**Caption-style text data:**
──────
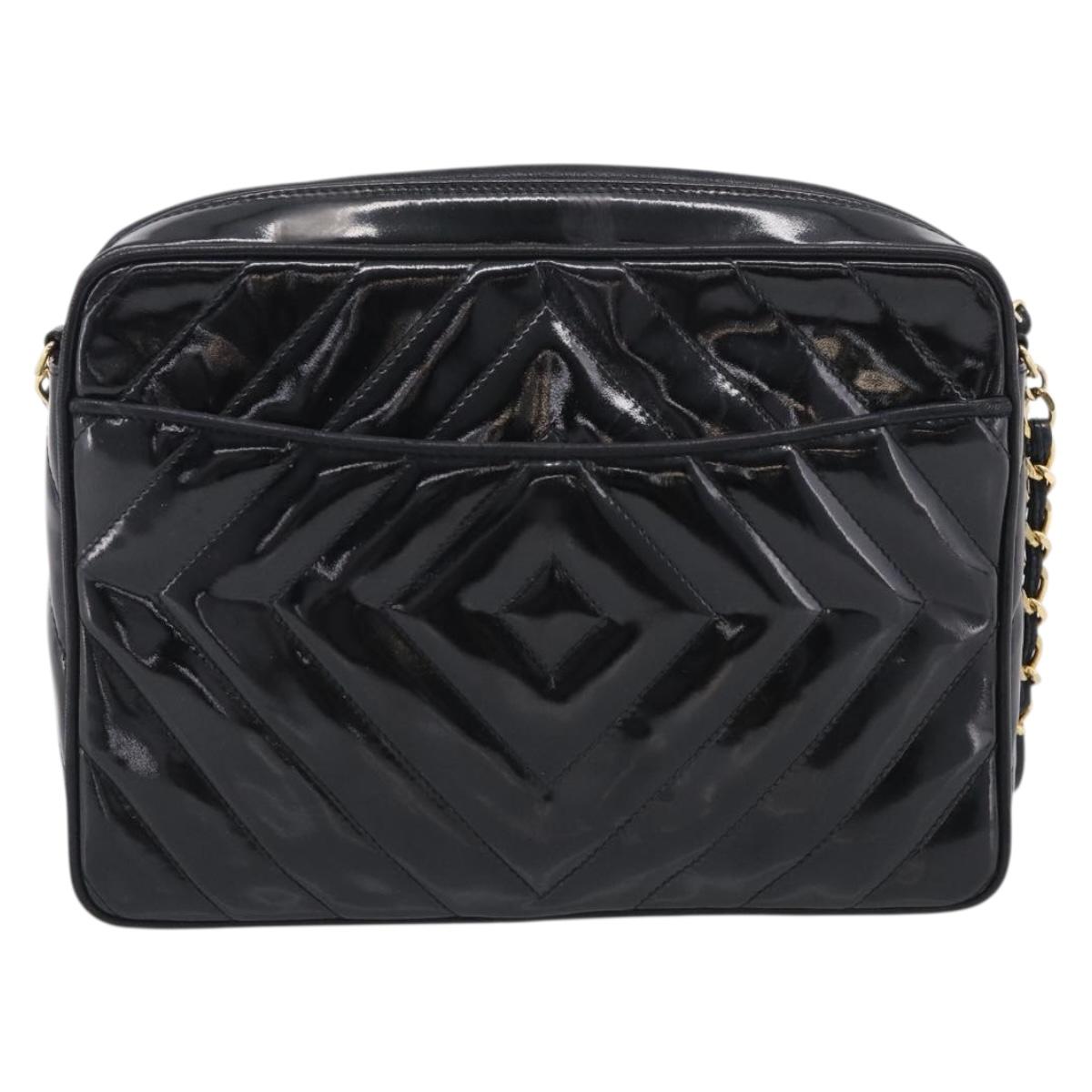 CHANEL Chain Diamond Stitch Bag Patent leather Black Gold CC Auth 216284A
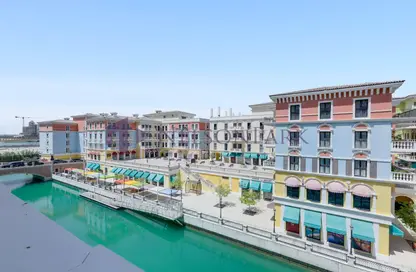 Apartment - 2 Bedrooms - 3 Bathrooms for rent in Mercato - Qanat Quartier - The Pearl Island - Doha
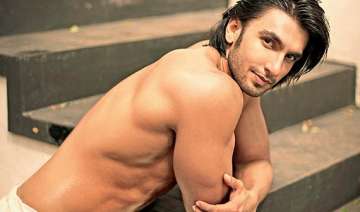 ranveer singh uses condom to lose his brand... ranveer singh uses condom to lose his brand...
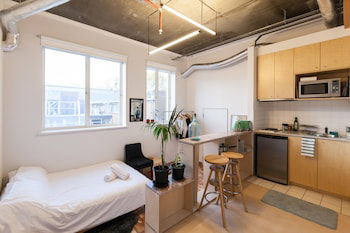 LUCINDA, Carlton Studio Apartment - Events Australia 0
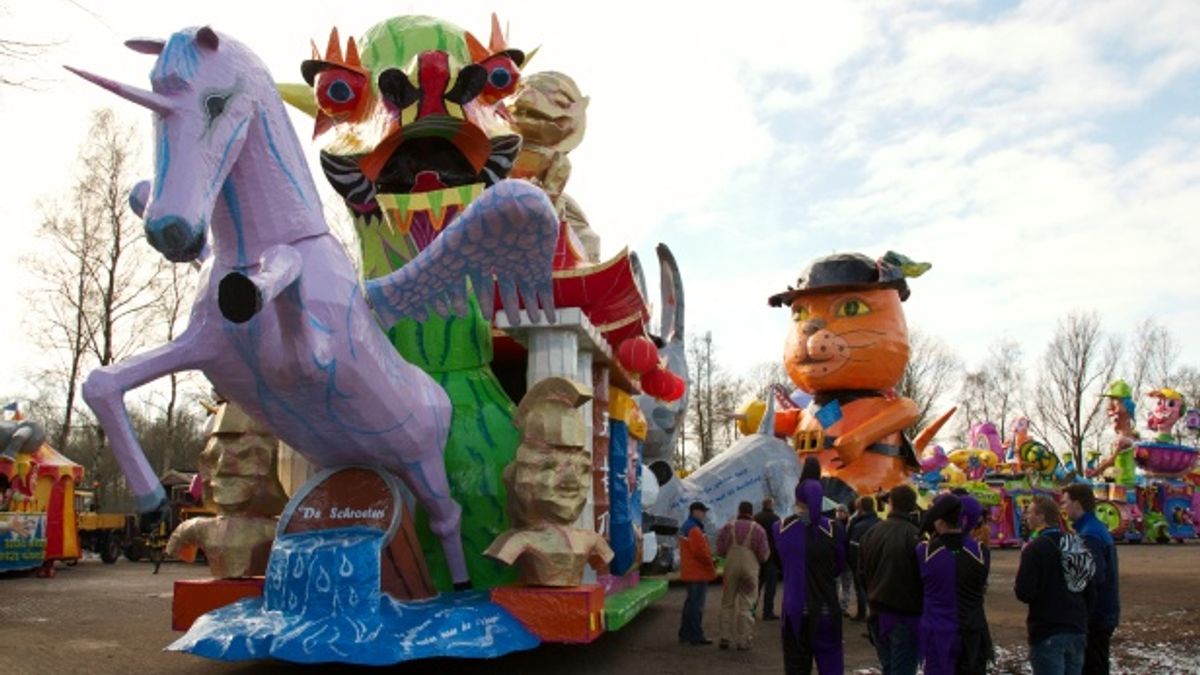 De Schroeters maken beste carnavalwagen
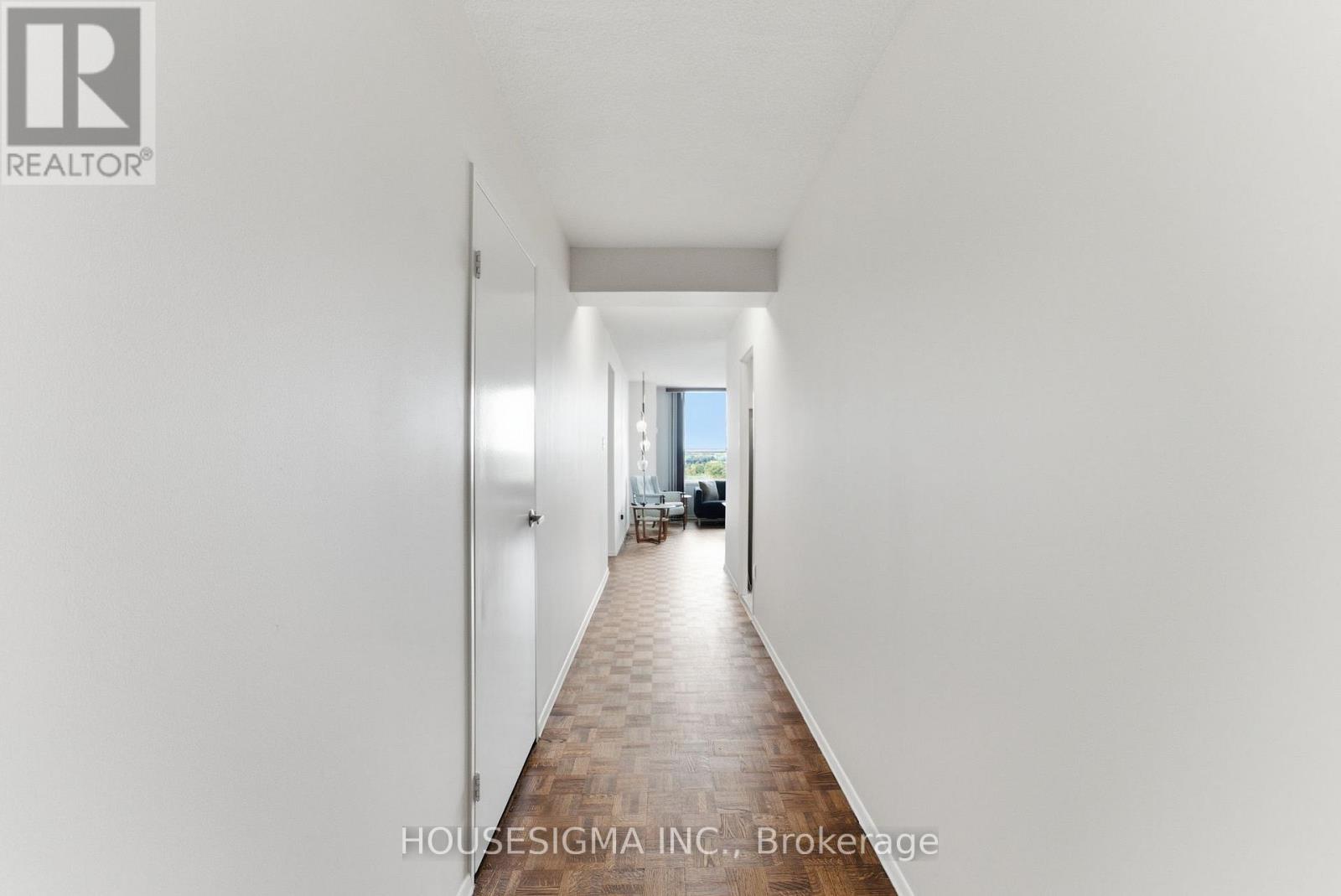 2006 - 1535 Lakeshore Road E, Mississauga, Ontario  L5E 3E2 - Photo 20 - W12579680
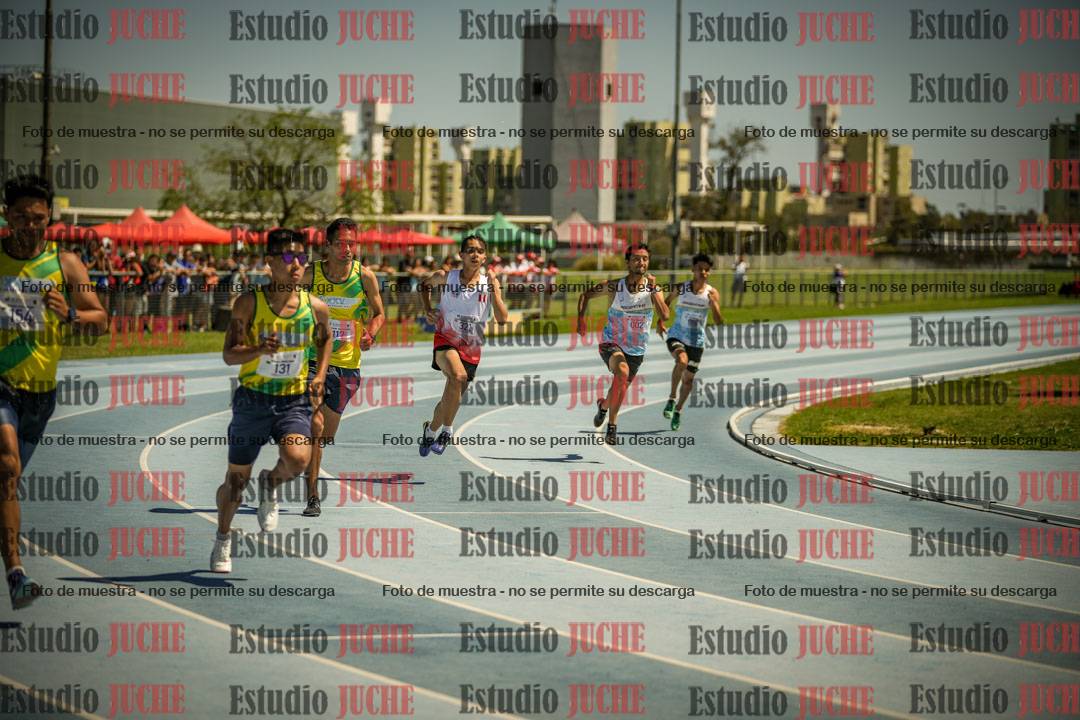 Fotos de los 800mts llanos de varones LIBRE/MASTER - FINAL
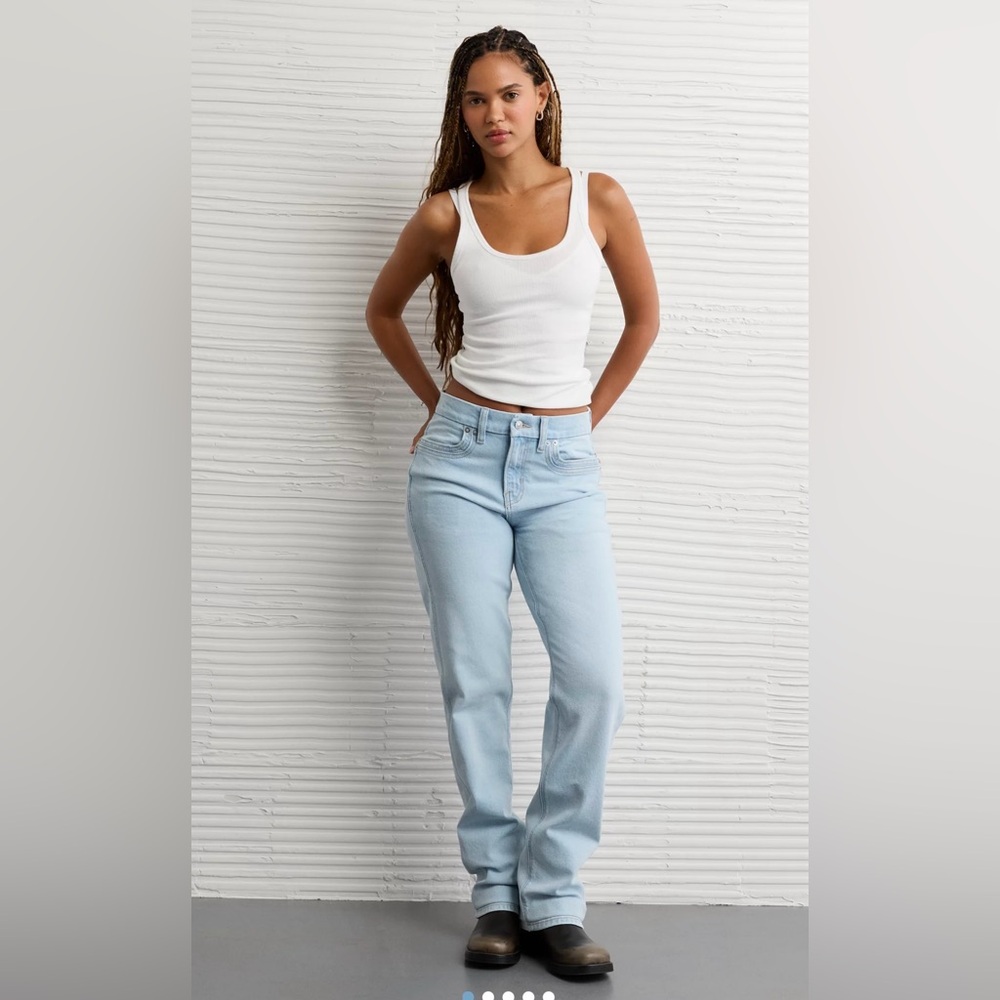 American Eagle Outfitters Light Blue Curvy Straight High Rise Jeans Size 2 Short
──────
**TASK DETAILS:** Starting with the line that contains "2006 - 1535", repeat each line exactly through the last line of the data above, and nothing more; the pictures stay out.

**RESPONSE:**
 2006 - 1535 Lakeshore Road E, Mississauga, Ontario  L5E 3E2 - Photo 20 - W12579680
 Fotos de los 800mts llanos de varones LIBRE/MASTER - FINAL
 American Eagle Outfitters Light Blue Curvy Straight High Rise Jeans Size 2 Short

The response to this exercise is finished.